------ Provided material
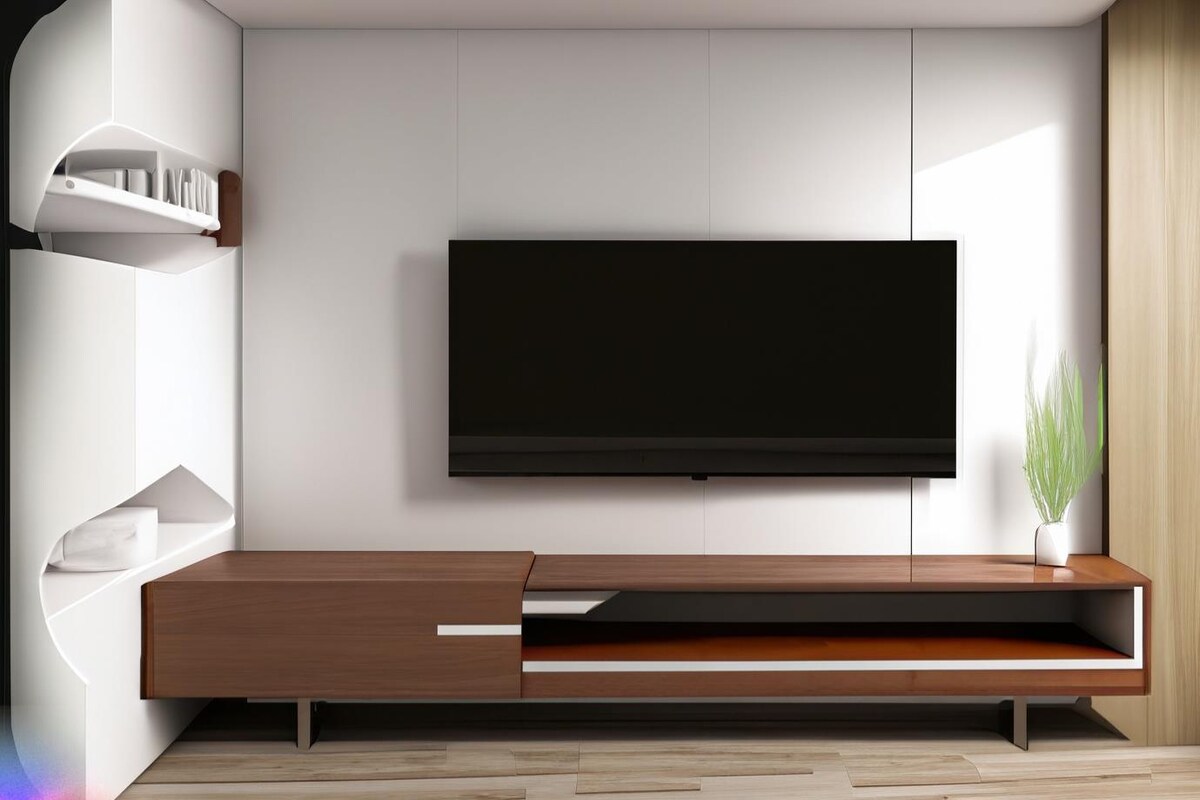 Modern TV Unit Design in White and Brown Laminate Modern TV Unit Design in White and Brown Laminate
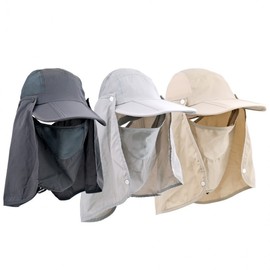 kimspp Foldable Mesh Sun Cap - UV Protection for Hiking, Fishing, Camping & Farming Beige [KP431]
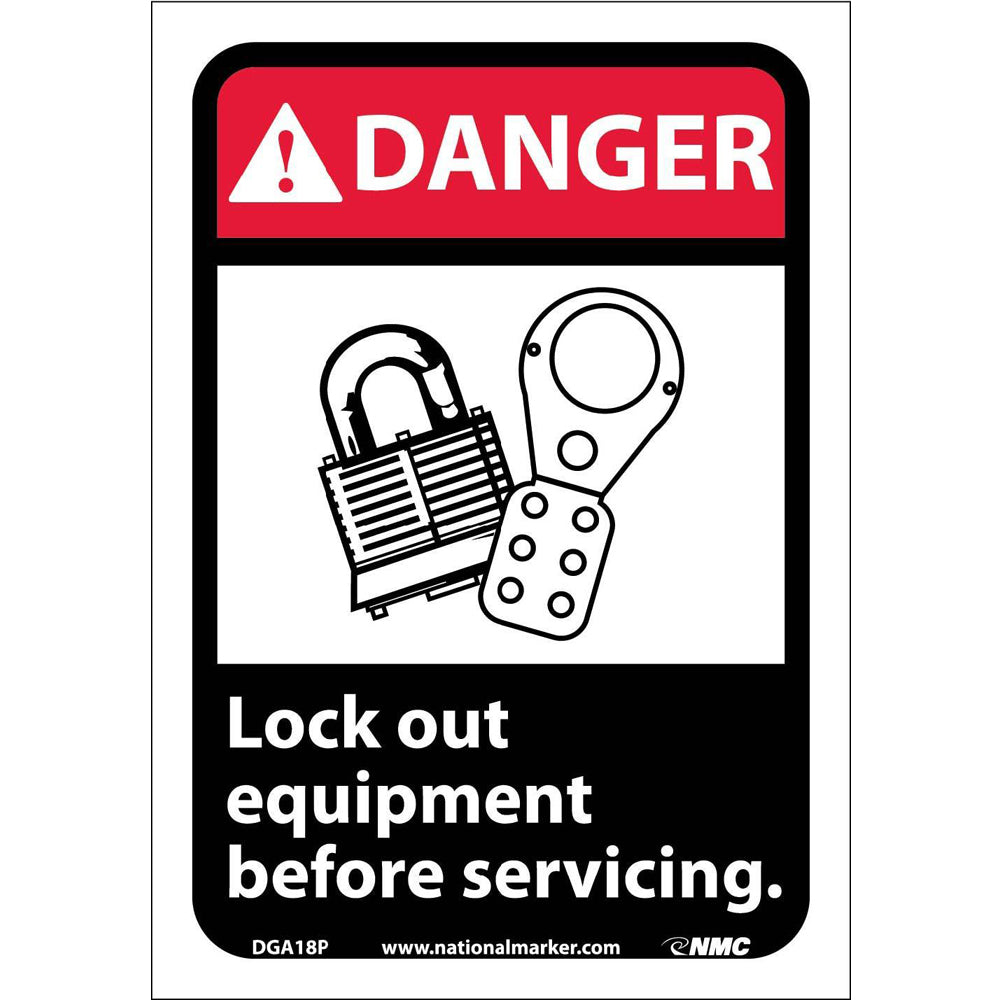 Danger Lock Out Equipment Before Servicing Sign-eSafety Supplies, Inc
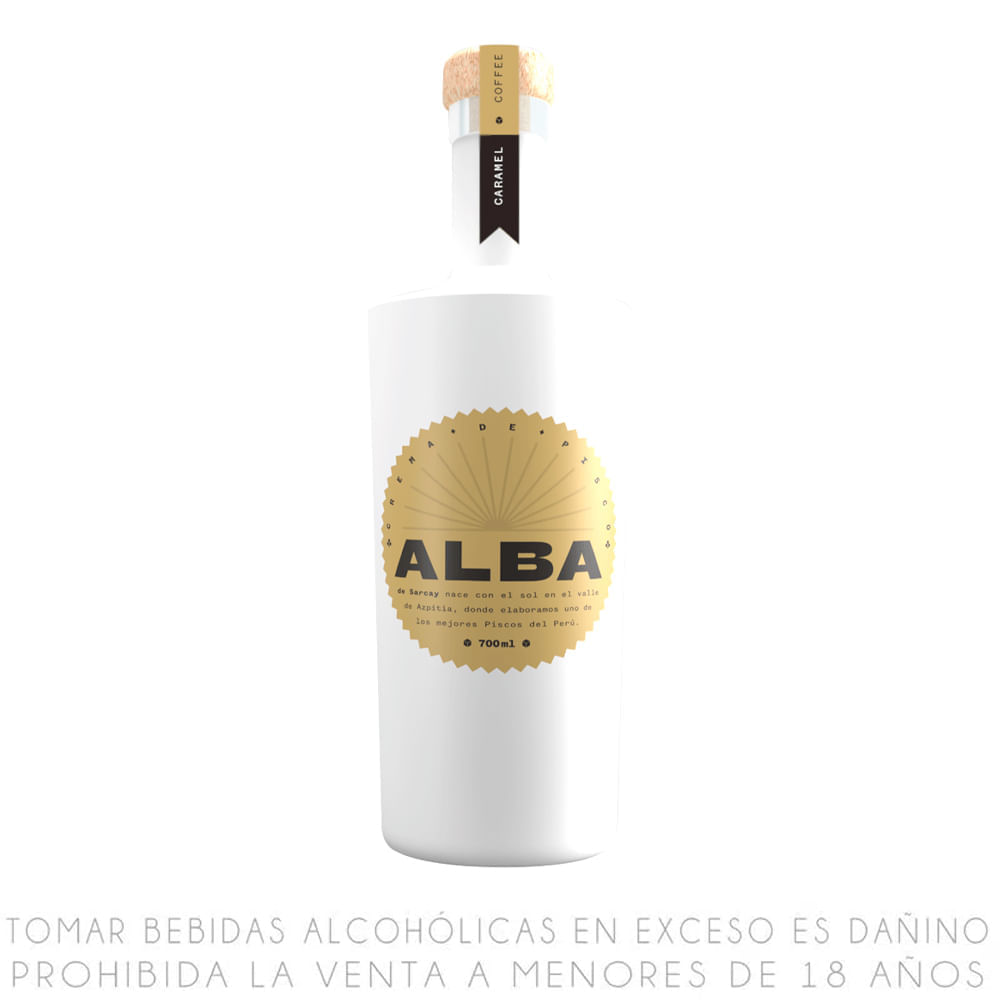 Crema de Pisco Sarcay Alba Caramel Coffe Botella 700ml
------------
Goal of the exercise
All of the material above is to be copied exactly, with no pictures.

Your solution
 Modern TV Unit Design in White and Brown Laminate Modern TV Unit Design in White and Brown Laminate
 kimspp Foldable Mesh Sun Cap - UV Protection for Hiking, Fishing, Camping & Farming Beige [KP431]
 Danger Lock Out Equipment Before Servicing Sign-eSafety Supplies, Inc
 Crema de Pisco Sarcay Alba Caramel Coffe Botella 700ml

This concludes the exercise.